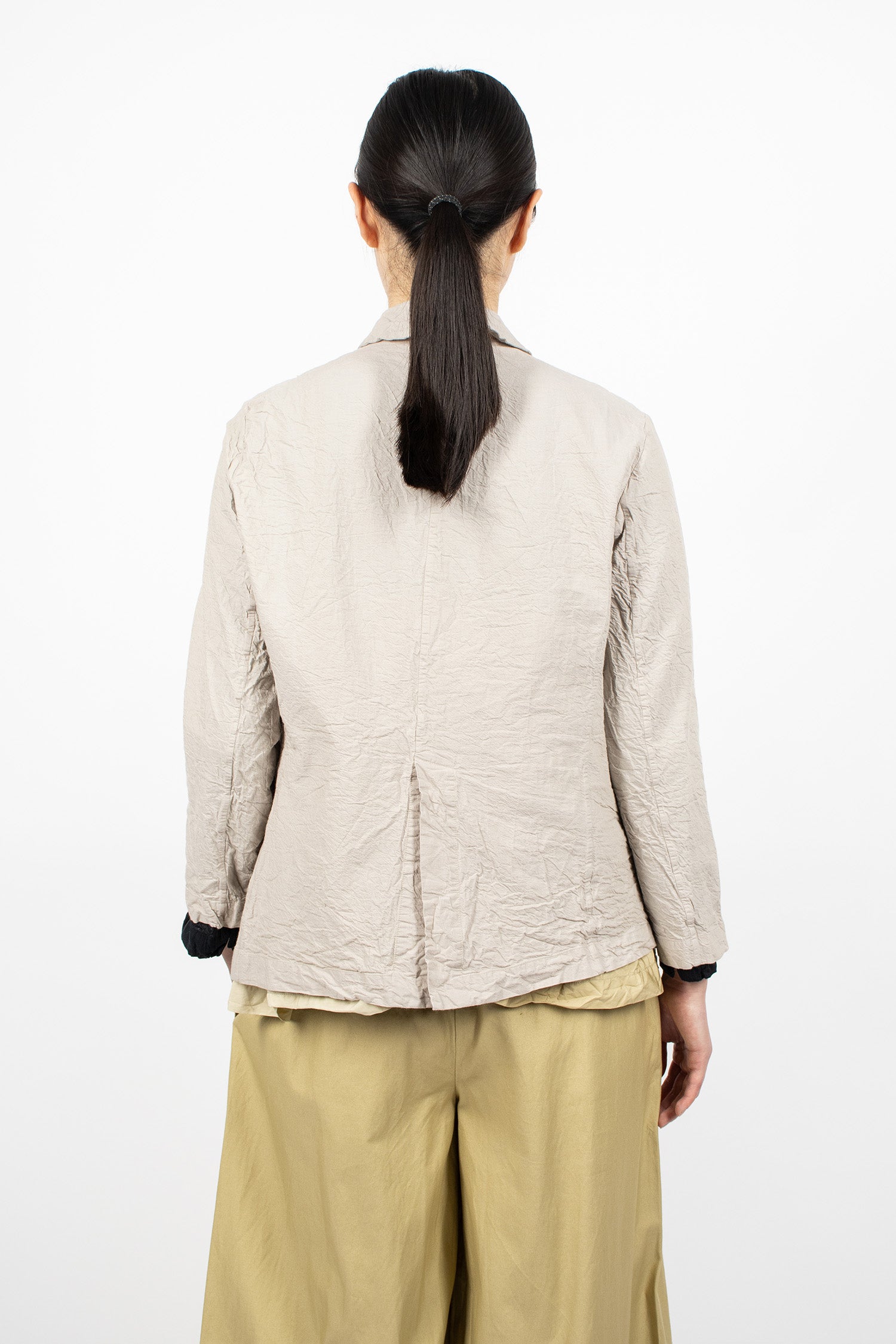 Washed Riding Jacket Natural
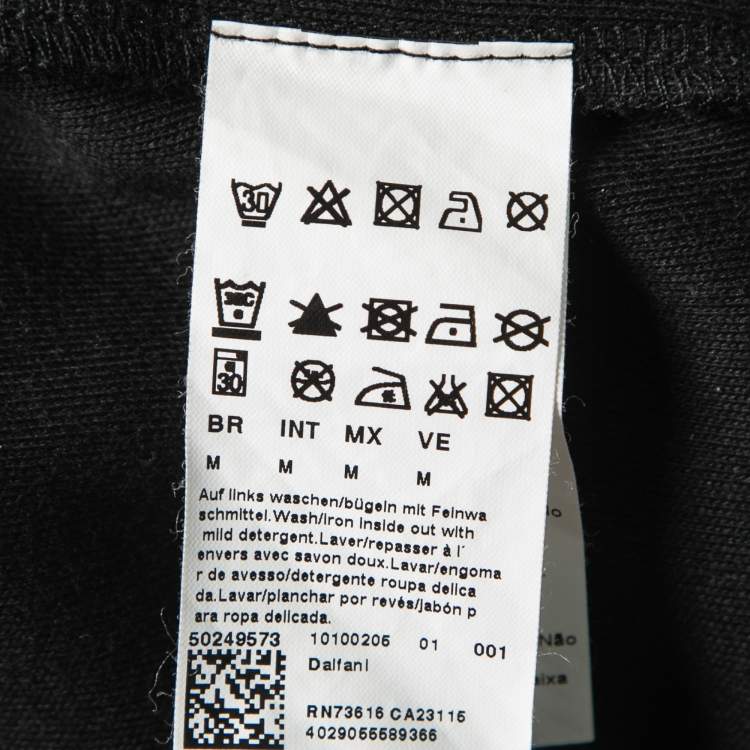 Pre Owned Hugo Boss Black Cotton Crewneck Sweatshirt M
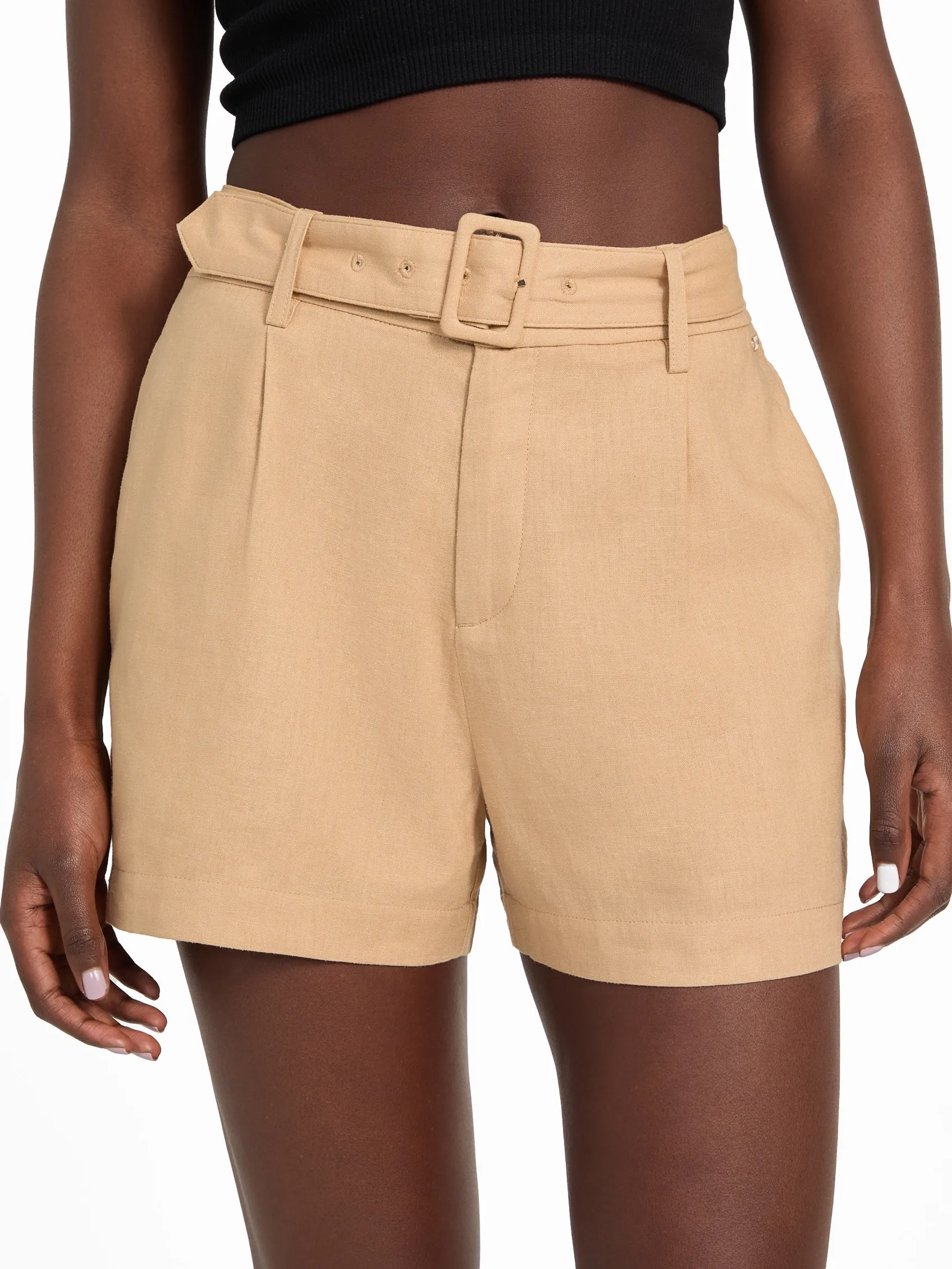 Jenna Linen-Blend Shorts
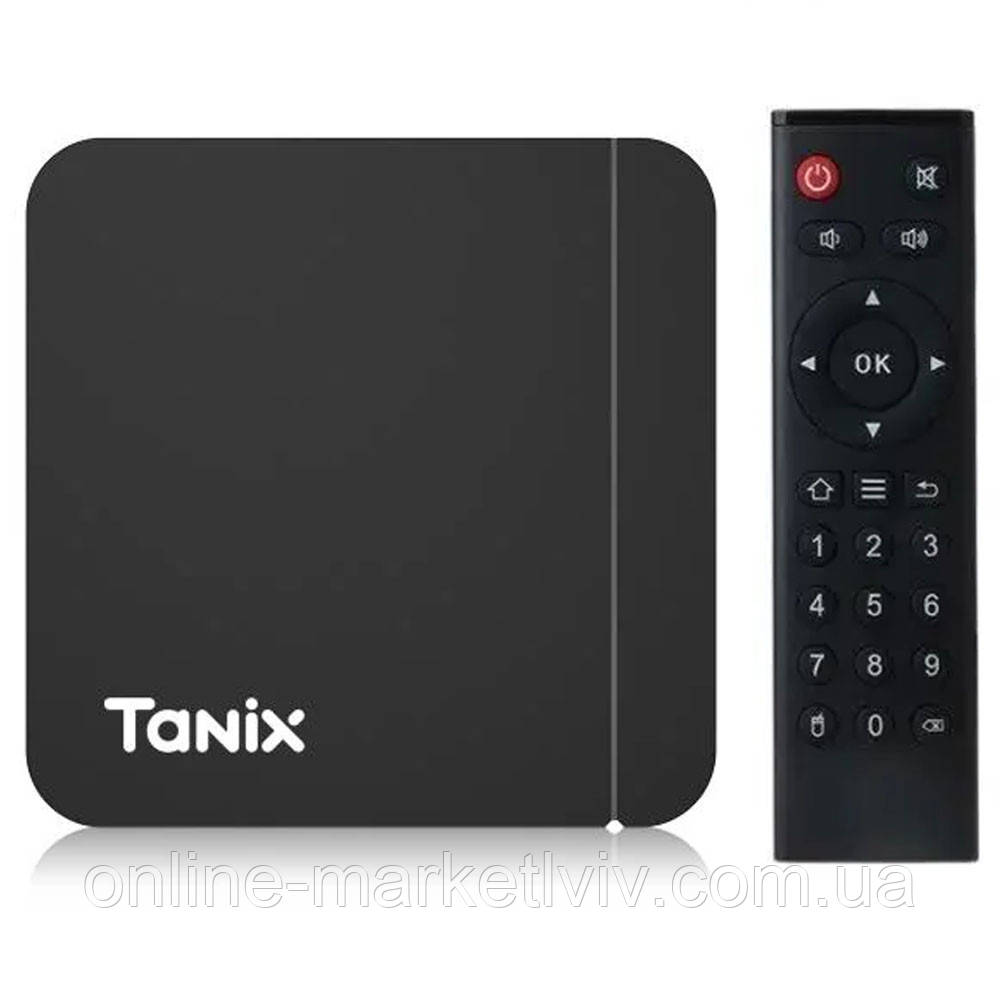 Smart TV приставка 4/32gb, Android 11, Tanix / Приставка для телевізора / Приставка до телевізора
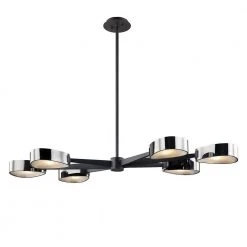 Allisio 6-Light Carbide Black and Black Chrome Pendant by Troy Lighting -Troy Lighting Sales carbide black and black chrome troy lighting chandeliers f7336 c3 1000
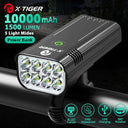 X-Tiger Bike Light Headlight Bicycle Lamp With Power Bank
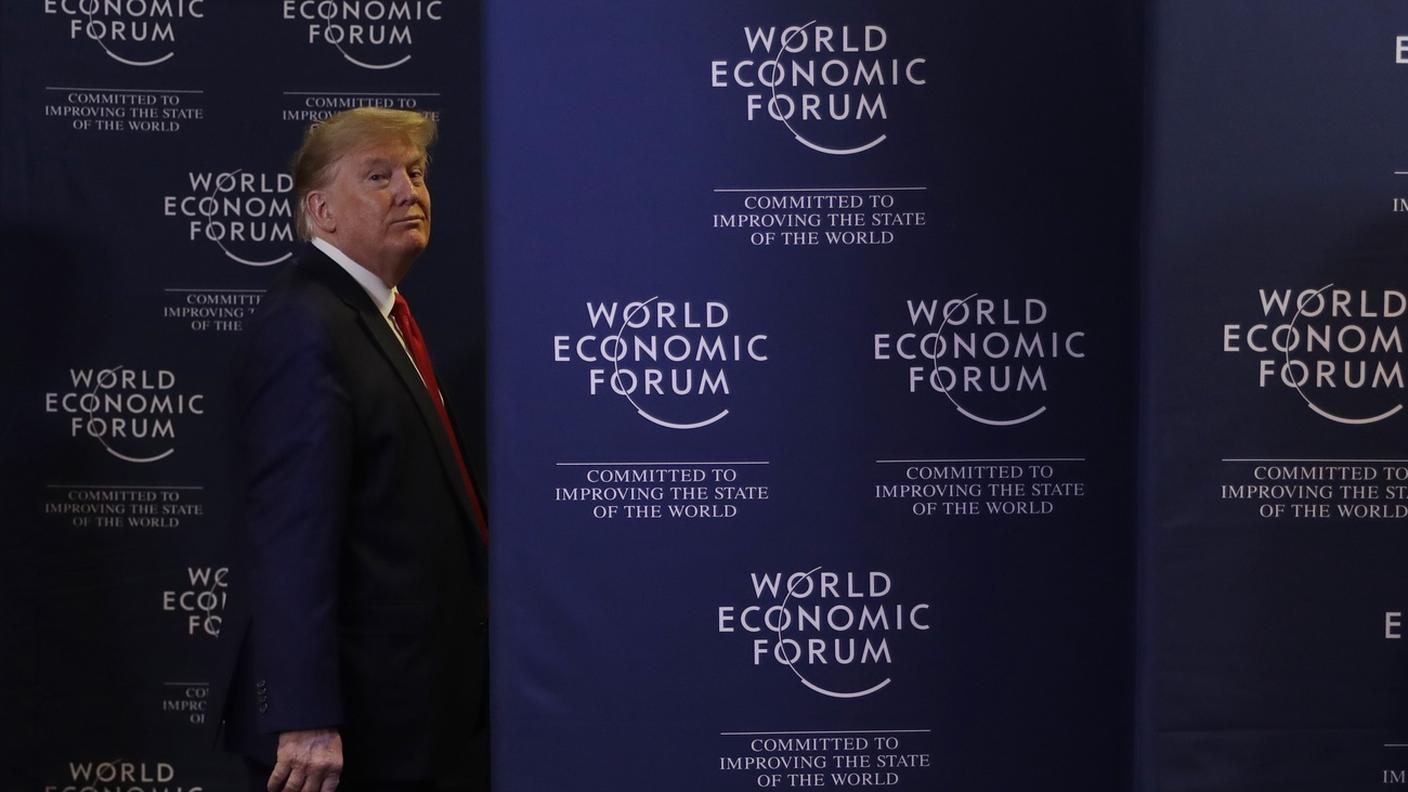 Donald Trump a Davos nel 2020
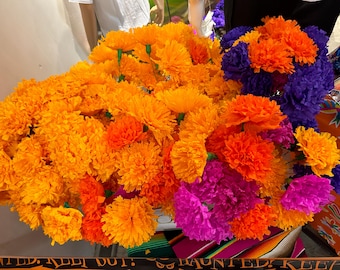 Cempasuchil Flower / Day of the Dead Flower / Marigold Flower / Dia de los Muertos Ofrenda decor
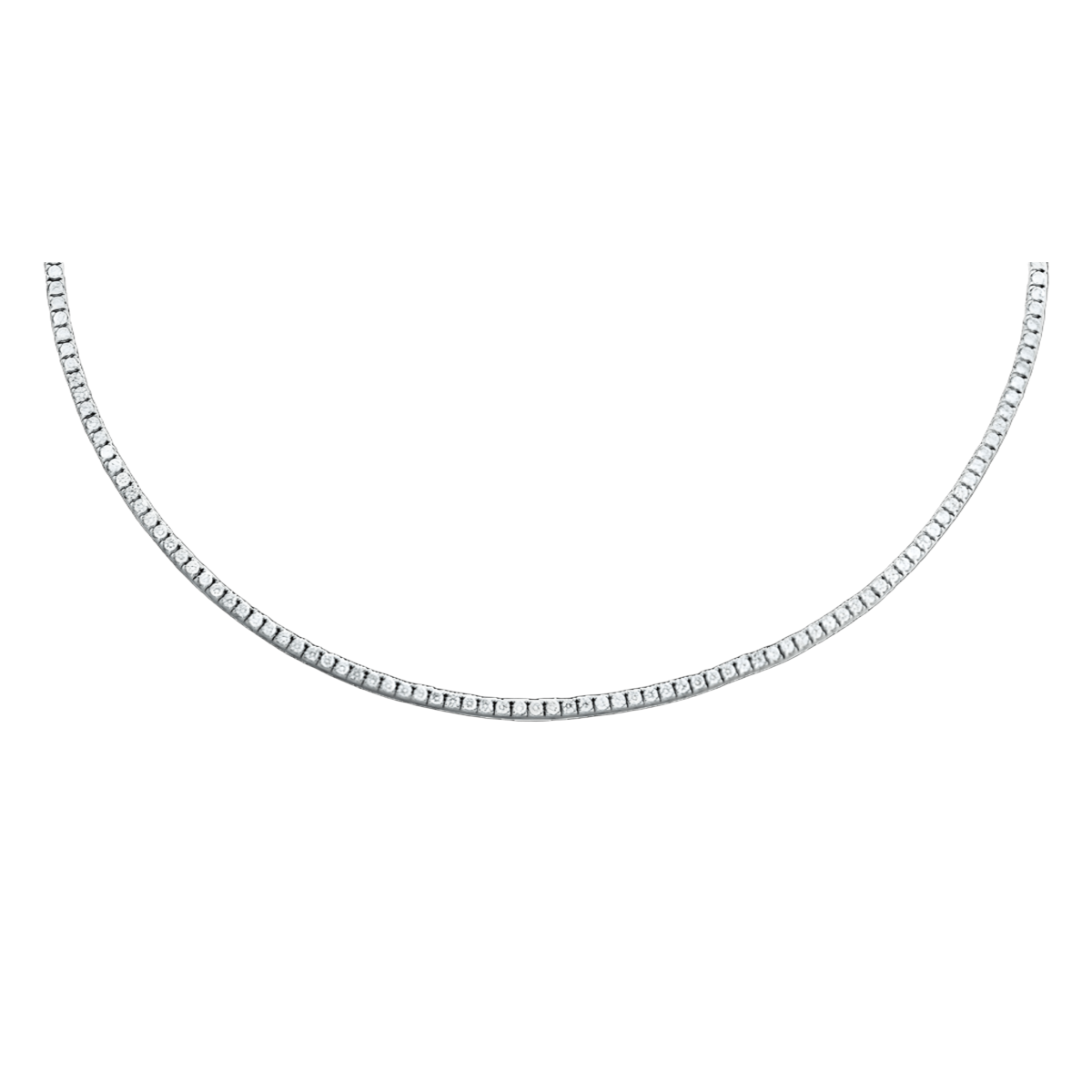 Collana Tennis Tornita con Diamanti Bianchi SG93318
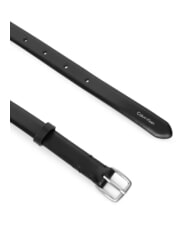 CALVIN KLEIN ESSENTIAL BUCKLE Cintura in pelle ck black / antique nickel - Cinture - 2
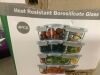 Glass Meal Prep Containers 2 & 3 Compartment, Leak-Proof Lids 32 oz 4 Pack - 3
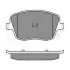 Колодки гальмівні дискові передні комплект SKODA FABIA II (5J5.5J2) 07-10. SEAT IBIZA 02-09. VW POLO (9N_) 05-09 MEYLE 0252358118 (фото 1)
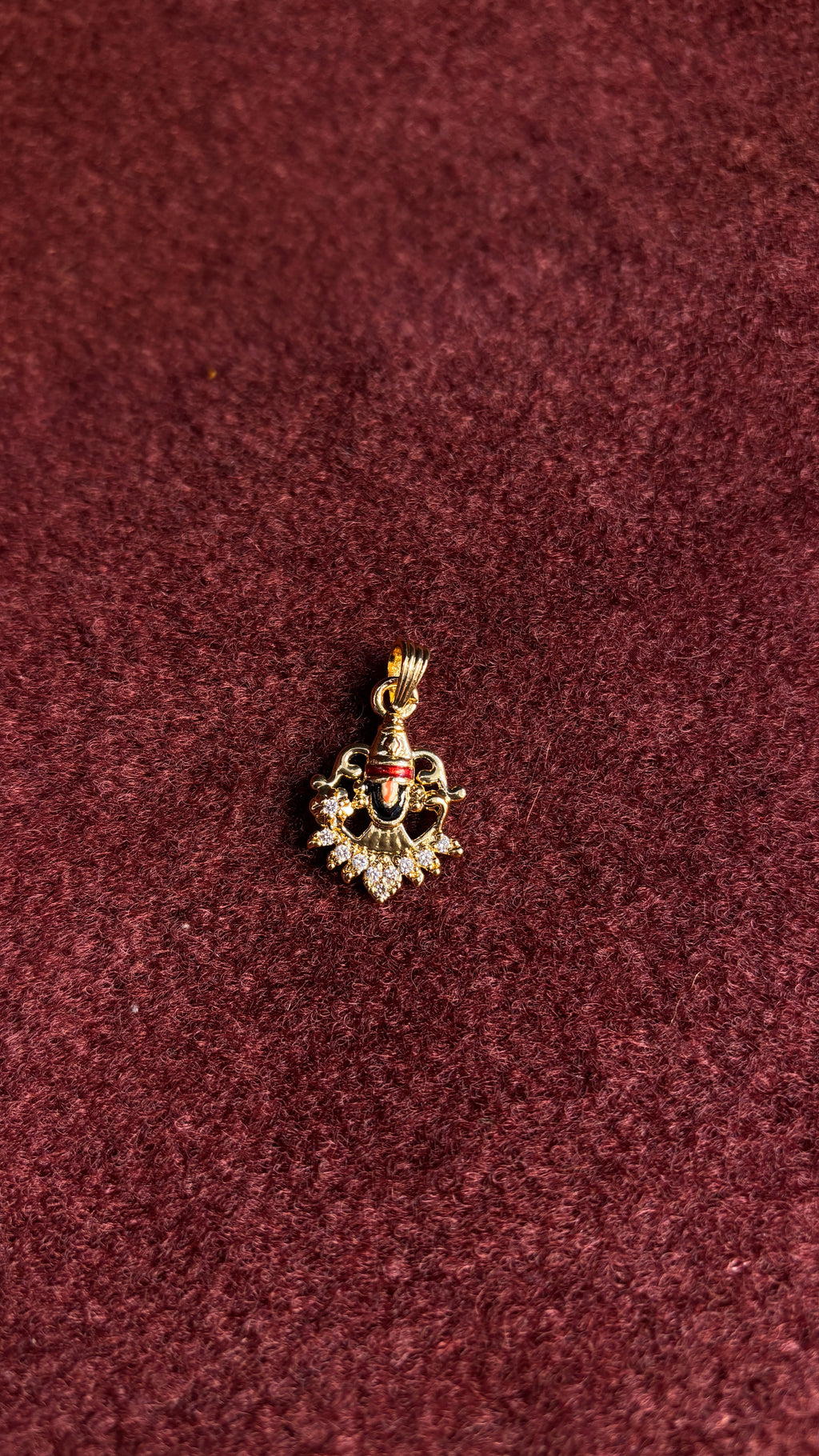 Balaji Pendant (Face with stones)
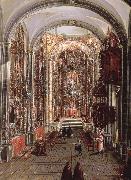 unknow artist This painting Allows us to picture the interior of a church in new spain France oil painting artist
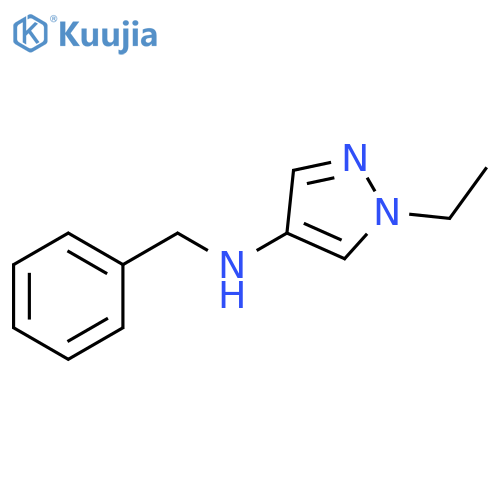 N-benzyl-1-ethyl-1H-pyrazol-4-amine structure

# Work instructions
Reproduce every record word for word. The copy must contain no pictures.

# Answer
 Washed Riding Jacket Natural
 Pre Owned Hugo Boss Black Cotton Crewneck Sweatshirt M
 Jenna Linen-Blend Shorts
 Smart TV приставка 4/32gb, Android 11, Tanix / Приставка для телевізора / Приставка до телевізора
 Allisio 6-Light Carbide Black and Black Chrome Pendant by Troy Lighting -Troy Lighting Sales carbide black and black chrome troy lighting chandeliers f7336 c3 1000
 X-Tiger Bike Light Headlight Bicycle Lamp With Power Bank
 Donald Trump a Davos nel 2020
 Cempasuchil Flower / Day of the Dead Flower / Marigold Flower / Dia de los Muertos Ofrenda decor
 Collana Tennis Tornita con Diamanti Bianchi SG93318
 CALVIN KLEIN ESSENTIAL BUCKLE Cintura in pelle ck black / antique nickel - Cinture - 2
 Glass Meal Prep Containers 2 & 3 Compartment, Leak-Proof Lids 32 oz 4 Pack - 3
 Колодки гальмівні дискові передні комплект SKODA FABIA II (5J5.5J2) 07-10. SEAT IBIZA 02-09. VW POLO (9N_) 05-09 MEYLE 0252358118 (фото 1)
 Balaji Pendant (Face with stones)
 unknow artist This painting Allows us to picture the interior of a church in new spain France oil painting artist
 N-benzyl-1-ethyl-1H-pyrazol-4-amine structure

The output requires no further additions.